====== Stored data

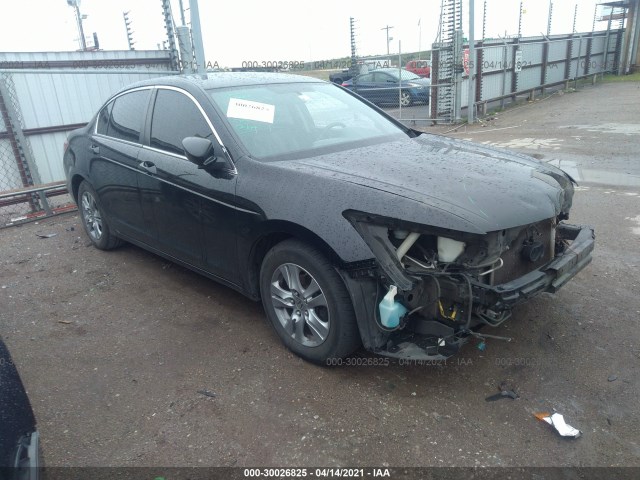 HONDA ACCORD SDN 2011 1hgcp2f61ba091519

============
====== Stored data

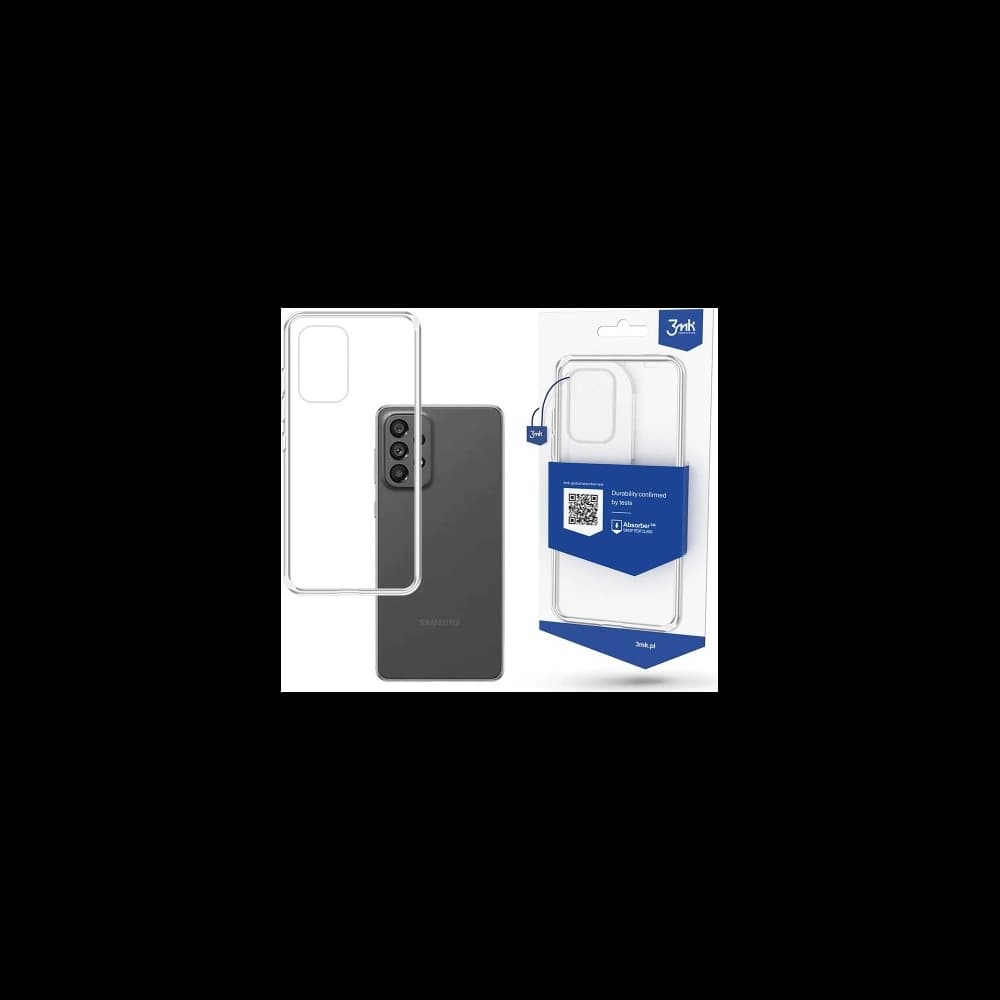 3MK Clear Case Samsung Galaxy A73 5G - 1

============
====== Stored data

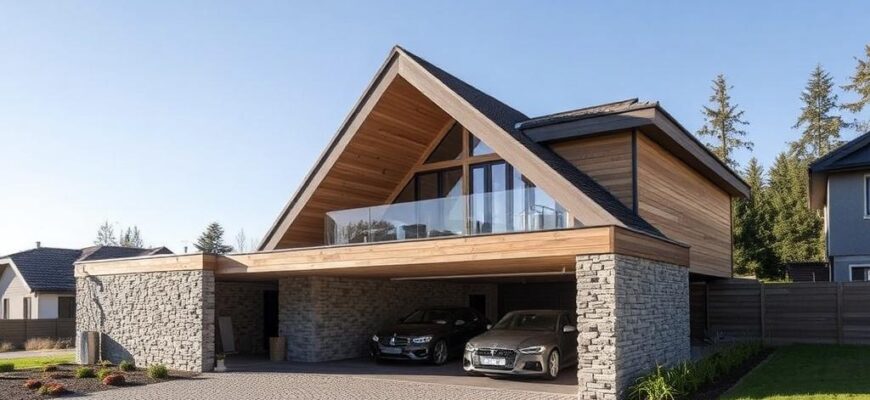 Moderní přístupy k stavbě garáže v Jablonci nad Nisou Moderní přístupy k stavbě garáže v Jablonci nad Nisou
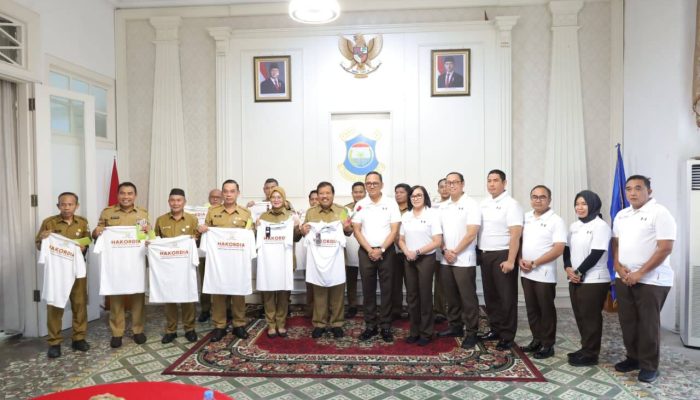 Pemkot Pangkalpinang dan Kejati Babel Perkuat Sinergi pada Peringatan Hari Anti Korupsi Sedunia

============

In the listing above, find the line with "Moderní přístupy k stavbě garáže v Jablonci nad Nisou Moderní" and the line with "Pemkot Pangkalpinang dan". Copy both of them and every line between, exactly, but not the pictures.

> _Solution below_
 Moderní přístupy k stavbě garáže v Jablonci nad Nisou Moderní přístupy k stavbě garáže v Jablonci nad Nisou
 Pemkot Pangkalpinang dan Kejati Babel Perkuat Sinergi pada Peringatan Hari Anti Korupsi Sedunia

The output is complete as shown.